With Fullerton India's online personal loan EMI calculator, budgeting for your loan is made much easier. The personal loan EMI is computed depending on the loan amount, payback period, and interest rate.

Step 1: By adjusting the loan amount slider in the relevant field, enter the principal loan amount (up to INR 25 lakhs).

Step 2: Subsequently, set the repayment tenure, which has a maximum duration of 5 years or 60 months.

Step 3: Lastly, choose the quoted interest rate for personal loan.

After entering all the required information, select “Calculate” to obtain your monthly instalments for the duration of your loan at the specified principal amount, interest rate, and term.
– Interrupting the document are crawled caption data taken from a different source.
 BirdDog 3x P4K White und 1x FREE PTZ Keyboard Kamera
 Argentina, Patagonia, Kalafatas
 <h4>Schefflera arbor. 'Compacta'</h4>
This can help you stay on top of your current financial situation while saving you time and eliminating any possible errors.

For example,
If you are looking for a loan of INR 5 lakhs, with a repayment tenure of 4 years (or 48 months) at an interest rate of 14.60% per annum, your monthly installments would amount to INR 13,814.
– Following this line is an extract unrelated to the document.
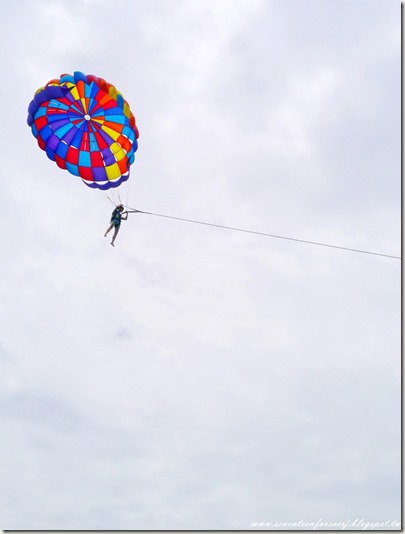 PhotoCap_009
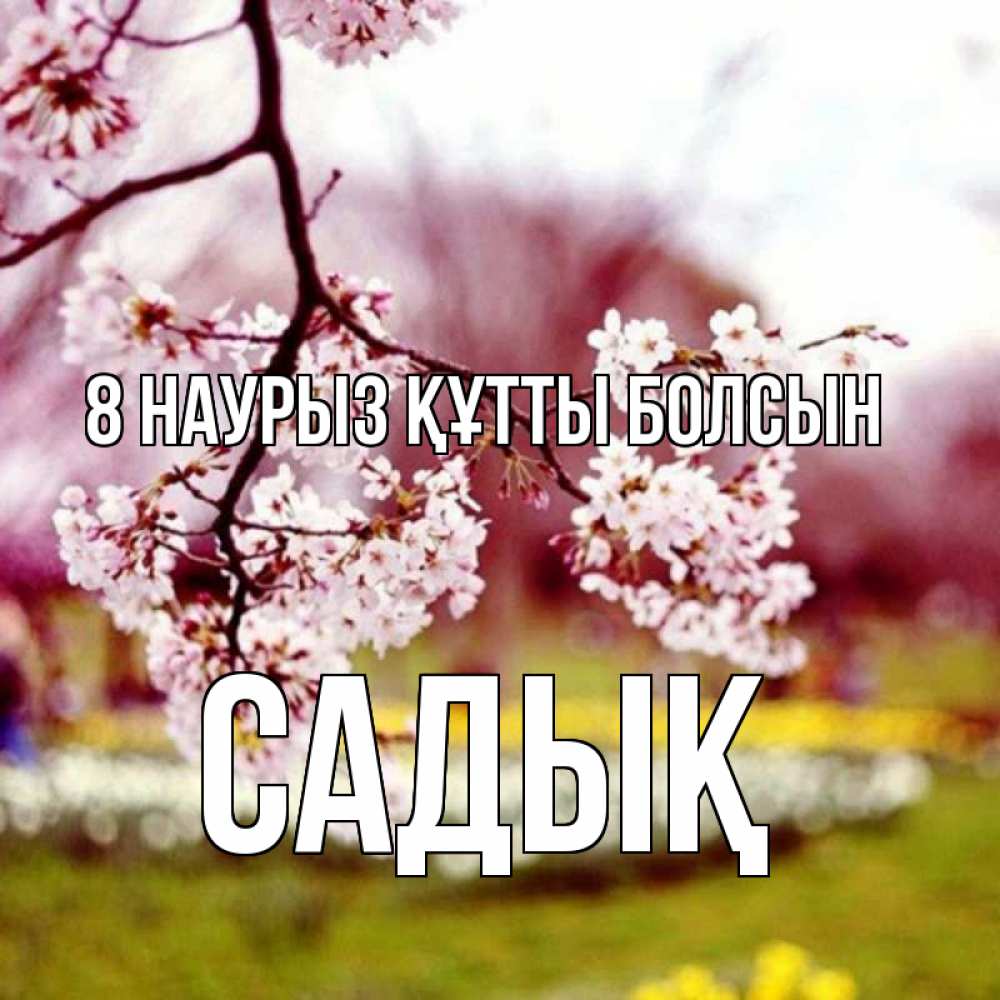 Күн сайын ашық хат с именем, САДЫҚ 8 наурыз құтты болсын яблоня Онлайн тегін жүктеп алу тілектері бар керемет карта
## Formula For Interest Calculation

You can determine the interest rate and total amount repayable in EMIs using a single formula. That is –

E = P * r * (1+r)^n / ((1+r)^n-1)

The following are represented in the equation:

E = EMI repayable
P = Principal loan amount
R/r = Rate of interest applicable
N/n = Tenure

Consider the previous example to understand how the loan EMI calculation works:

Principal loan amount (P) = INR 5,00,000
Repayment tenure (N) = 4 years (or 48 months)
Rate of interest  = 12% per annum

E = 500000 *14.60* (1+12)^48 / ((1+12)^48-1)

EMI = INR 13,814

## Factors That Can Affect Your Personal Loan EMI

1. Your Credit Score - One should not undervalue the benefits of having a good credit score, particularly when it comes to EMIs. There is a good probability that you will be approved for a personal loan with lower interest rates if your credit score is high (750 or higher). Other factors such as income, employment history, and debt-to-income ratio also play a role in determining loan approval and terms.
2. Your Monthly Income - Monthly income is important for lenders to assess a borrower's ability to repay the loan, but having a high income alone may not be sufficient to qualify for a loan or secure a low interest rate. Other factors such as credit score and debt-to-income ratio are also considered.
3. Loan Size And Repayment Tenure - A larger loan will result in a larger EMI payment. In contrast, the longer the repayment term, the smaller the EMI that must be paid. Although you might be tempted to choose a longer payback period, doing so will undoubtedly result in greater interest payments over time and a higher ultimate repayment amount. It is important to consider that while a shorter repayment term may result in lower interest payments, it also means that the borrower will have to make larger monthly payments, which may be difficult to afford.

## Conclusion

The personal loan EMI calculator from Fullerton India spares you the hassles and risks of performing manual calculations. You can calculate the exact amount of your monthly installments by inputting a few details about your personal loan, such as the principal loan amount, repayment tenure, and the rate of interest. Calculate your personal loan EMIs as soon as possible before applying for a personal loan to plan your finances accordingly.